Plan fenêtre : entre un moustique. On entend le vrombissement de l'insecte.

L'homme dans le bain tourne une page, se humecte les lèvres et parle à voix haute.

L'homme dans le bain :
'Foiré... J't'attendais pas si tôt.

Il cherche sa boîte à cigarettes sous l'eau, dans un autre sac plastique. Il en choisit une, fronce les sourcils, la remet dans la boîte, hésite encore, en choisit une autre. Il range la boîte dans le sac, puis remet le sac sous l'eau, et récupère le briquet dans l'autre sac. Le moustique se tait à l'instant où le briquet allume la cigarette. L'homme sourit.

L'homme dans le bain :
Ha.

L'homme poursuit sa lecture en tirant de longues bouffées qui finissent par déclencher une violente quinte de toux. Il tousse tellement qu'il se met cracher ses poumons. Des glaviots aux couleurs psychédéliques tombent dans l'eau du bain, où des bulles commencent à s'agiter comme lors d'une ébullition.

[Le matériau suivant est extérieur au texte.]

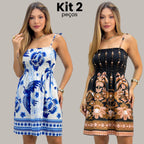 Kit 2 Vestidos Femininos Curtos Estampados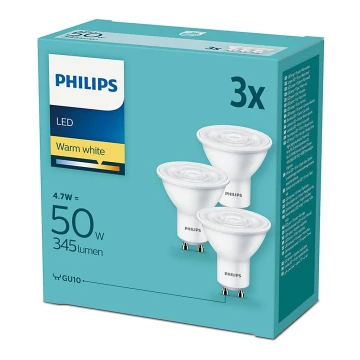 RINKINYS 3xLED Elektros lemputės Philips GU10/4,7W/230V 2700K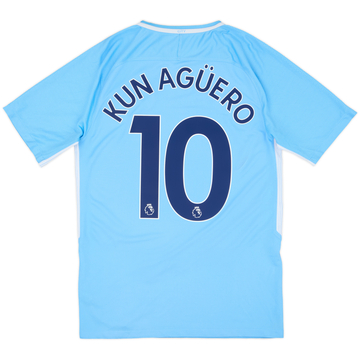 2017-18 Manchester City Home Shirt Kun Aguero #10 - 9/10 - (S)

L'homme fronce les sourcils et regarde les bulles.

L'homme dans le bain :
ASSEZ !!!

Les bulles s'arrêtent. L'homme boit un peu de son vin, une expression neutre sur le visage. Les bulles reprennent, il se tourne aussitôt vers elle, très sèchement, elles s'arrêtent. Ce manège se répète une bonne paire de fois jusqu'à ce que l'on entende à nouveau le vol du moustique.

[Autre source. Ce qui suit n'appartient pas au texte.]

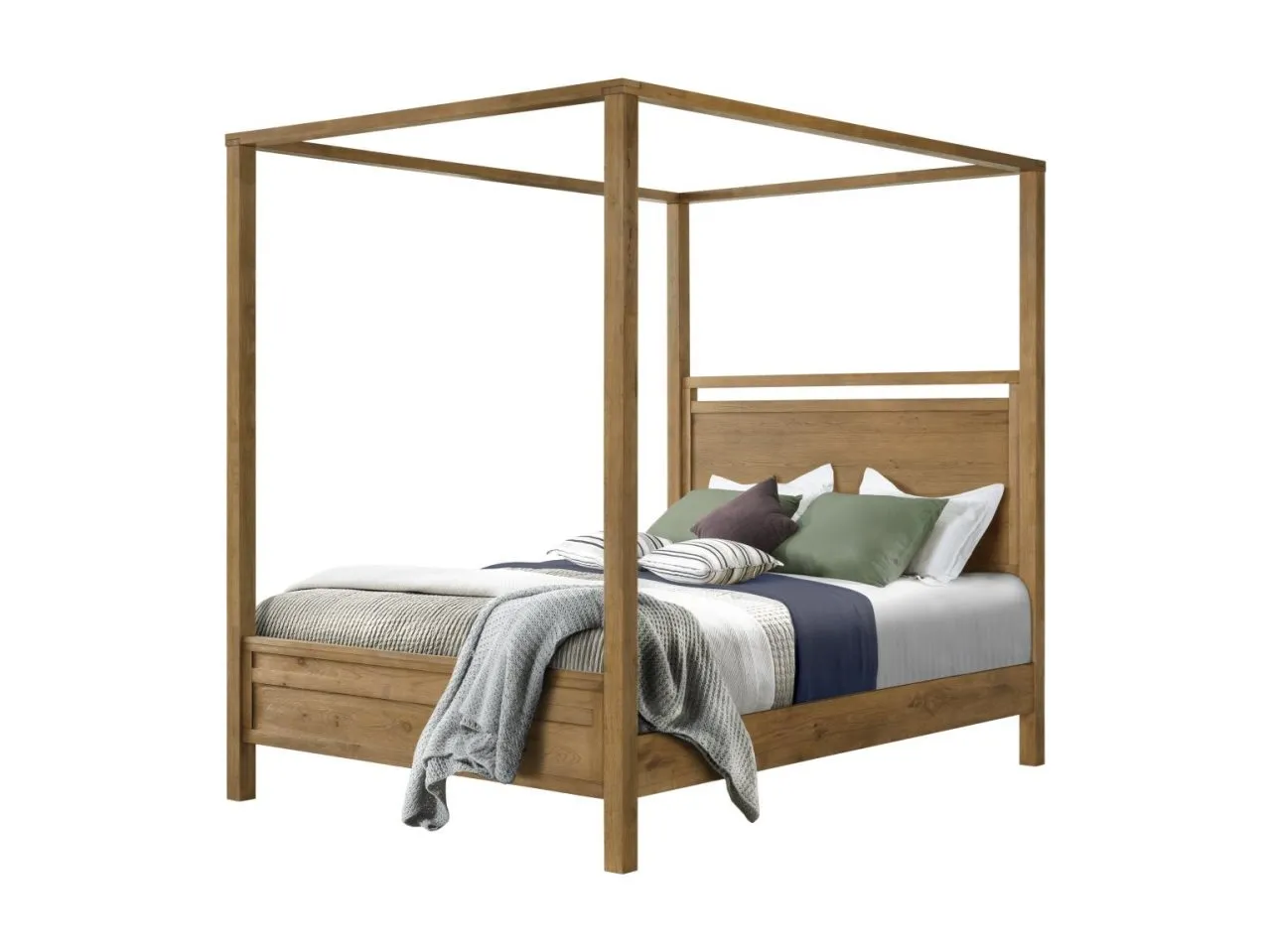 BOHO QUEEN CANOPY BED IN PRAIRIE OAK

L'homme dans le bain pousse un soupir bruyant (RHAAAA), pose son verre, écrase sa cigarette dans le cendrier flottant - cendrier lui-même rempli d'eau. Visiblement, il s'impatiente. Le moustique s'approche de son oreille (ça s'entend). L'homme s'agite, s'ébroue et invective l'insecte.

L'homme dans le bain :
Salaud ! Pleutre ! Bathyscaphe ! Pianiste !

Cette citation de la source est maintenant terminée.